Task data: Begin
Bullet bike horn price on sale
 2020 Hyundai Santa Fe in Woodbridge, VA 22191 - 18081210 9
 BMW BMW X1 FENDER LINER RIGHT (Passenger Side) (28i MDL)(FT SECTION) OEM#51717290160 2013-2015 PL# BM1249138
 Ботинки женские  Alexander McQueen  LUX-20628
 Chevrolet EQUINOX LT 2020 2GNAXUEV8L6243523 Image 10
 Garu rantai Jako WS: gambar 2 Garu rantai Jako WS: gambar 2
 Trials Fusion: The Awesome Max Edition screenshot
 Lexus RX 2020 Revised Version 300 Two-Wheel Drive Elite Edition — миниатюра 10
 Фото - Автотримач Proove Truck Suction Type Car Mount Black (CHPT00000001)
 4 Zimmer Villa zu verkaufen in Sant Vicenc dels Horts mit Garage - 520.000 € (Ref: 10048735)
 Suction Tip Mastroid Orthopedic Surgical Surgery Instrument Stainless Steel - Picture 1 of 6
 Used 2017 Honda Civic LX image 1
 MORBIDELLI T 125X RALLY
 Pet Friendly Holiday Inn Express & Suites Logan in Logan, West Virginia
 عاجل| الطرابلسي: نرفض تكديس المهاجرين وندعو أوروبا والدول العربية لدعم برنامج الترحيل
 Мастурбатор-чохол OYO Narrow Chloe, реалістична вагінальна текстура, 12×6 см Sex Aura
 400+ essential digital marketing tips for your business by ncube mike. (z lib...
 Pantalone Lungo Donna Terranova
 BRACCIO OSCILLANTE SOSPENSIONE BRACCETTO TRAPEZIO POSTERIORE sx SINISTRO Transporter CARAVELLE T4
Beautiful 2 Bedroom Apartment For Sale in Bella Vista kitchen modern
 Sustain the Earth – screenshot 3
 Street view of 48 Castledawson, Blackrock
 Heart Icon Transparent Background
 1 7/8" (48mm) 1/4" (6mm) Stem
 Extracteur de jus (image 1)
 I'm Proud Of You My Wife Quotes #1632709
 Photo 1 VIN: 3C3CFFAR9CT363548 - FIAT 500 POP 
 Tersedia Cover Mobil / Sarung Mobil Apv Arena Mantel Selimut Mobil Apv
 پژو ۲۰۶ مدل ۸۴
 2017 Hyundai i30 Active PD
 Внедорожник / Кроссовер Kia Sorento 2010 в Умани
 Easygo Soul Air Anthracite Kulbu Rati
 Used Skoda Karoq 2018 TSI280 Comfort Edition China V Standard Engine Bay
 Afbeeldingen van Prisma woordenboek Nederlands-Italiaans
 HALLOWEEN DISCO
Task data: End
▶ Exercise brief
Set down only these lines, exactly: the one containing "Tersedia Cover Mobil" and each line after it through the end of the entries above.

▶ Final answer
 Tersedia Cover Mobil / Sarung Mobil Apv Arena Mantel Selimut Mobil Apv
 پژو ۲۰۶ مدل ۸۴
 2017 Hyundai i30 Active PD
 Внедорожник / Кроссовер Kia Sorento 2010 в Умани
 Easygo Soul Air Anthracite Kulbu Rati
 Used Skoda Karoq 2018 TSI280 Comfort Edition China V Standard Engine Bay
 Afbeeldingen van Prisma woordenboek Nederlands-Italiaans
 HALLOWEEN DISCO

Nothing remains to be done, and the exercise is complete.